Passengers enjoy Neptune's Reef & Pool.
Photo © Barb & Ron Kroll

It was only one of several musical groups on board. On one walk about the ship, we heard the Grand Princess musicians playing the Blue Danube in the Piazza atrium, a cabaret singer in the Crooner's Lounge, a trio creating romantic music in the Wheelhouse Bar, a 50s sock hop in the Explorers Lounge and dance music in One5 Lounge on the 15th deck.

Shows and movies

The casino lured us in with holographic images of fish, seashells and coral and a fiber-optic ceiling that changed from dawn to dusk every twenty minutes.

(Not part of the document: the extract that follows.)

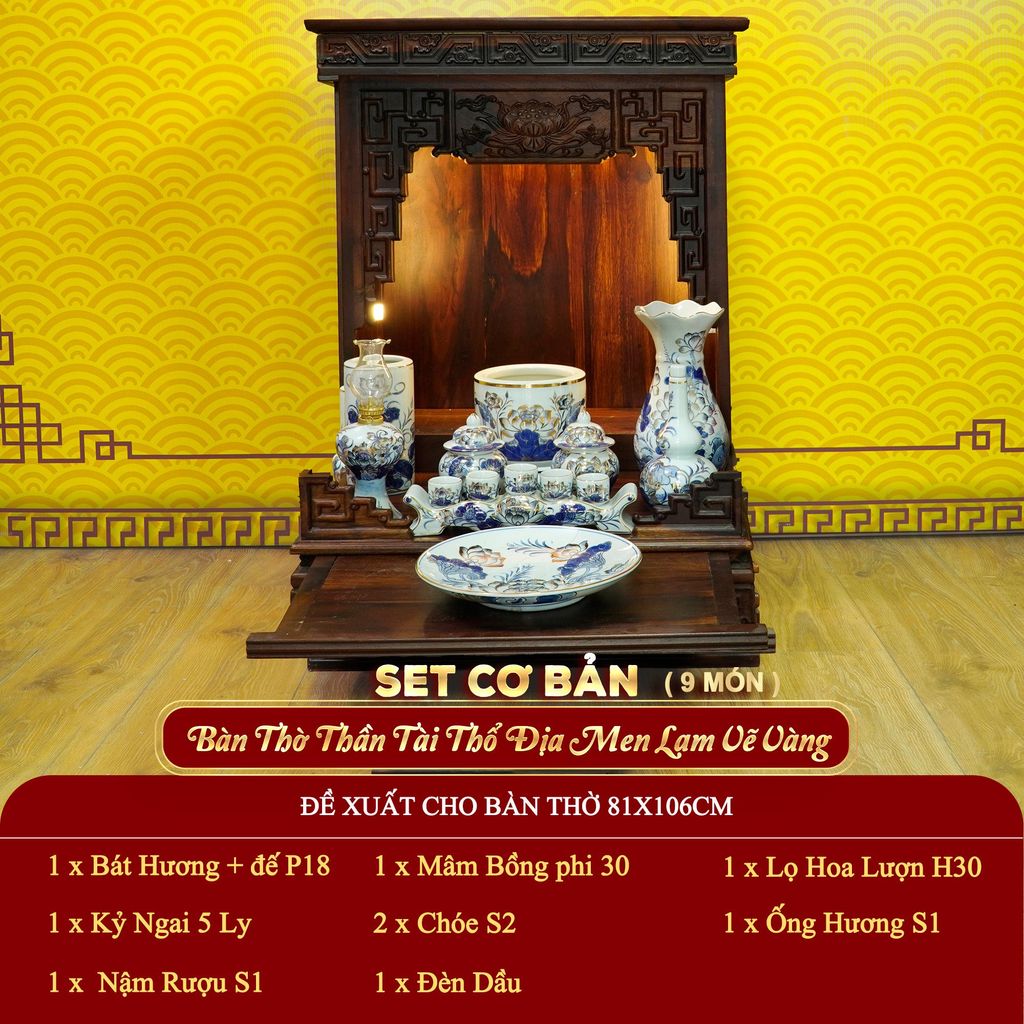 [Set Cơ Bản] Bộ Đồ Thờ Thần Tài Thổ Địa Men Lam Vẽ Vàng (9 món)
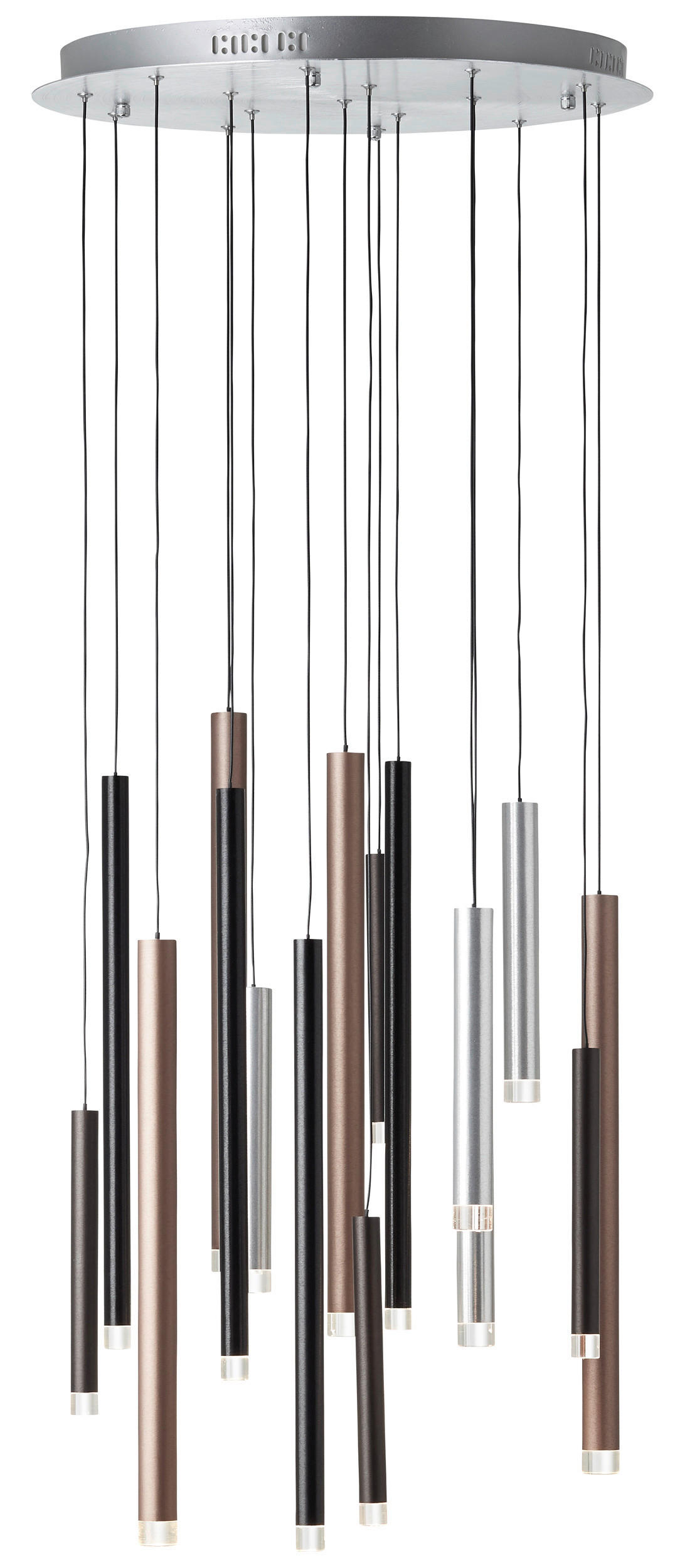 LED-HÄNGELEUCHTE 55,3/180 cm - Hellbraun/Silberfarben, Design, Kunststoff/Metall (55,3/180cm)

Entertainment included Las Vegas-style shows, with energetic performers in feathered costumes, laser light displays and a hypnotist. From comedy shows to outdoor movies, we saw two or three performances each night, in a futile attempt to see them all. Invariably, we slept in the following morning, missing our power walk around the ship.

No problem. The Grand Princess fitness program offered step aerobics, thigh-toning, body-sculpting and supervised gym activities throughout the day. (The equipment is top notch.) At the Lotus Spa, we burned up calories in the swim-against-the current lap pool, then relaxed with top-to-toe massages.

Cruise shore excursions

An excellent selection of shore excursions tempted us off the Grand Princess. When we returned from our ports-of-call, we wondered how the crew knew all passengers were back on board.

On embarkation, they gave us cruise cards to use as room keys and charge cards for onboard purchases. A camera captured our photos on a computer database, which the cards access when swiped through the machine when we reboarded.

Each day we returned in time to check e-mails using WiFi in the Grand Princess Internet café, play on the golf simulator and enjoy cocktails at the Oasis Bar.

On our last evening at sea, we watched the sunset paint the sky with broad brushstrokes of apricot and raspberry. We didn't stay on our balcony too long, because there were so many things left to see and do.

We can't wait to experience the shore excursions from Grand Princess cruises departing from San Francisco. The only problem will be deciding if we should book a cruise to Alaska, Hawaii or the California coast.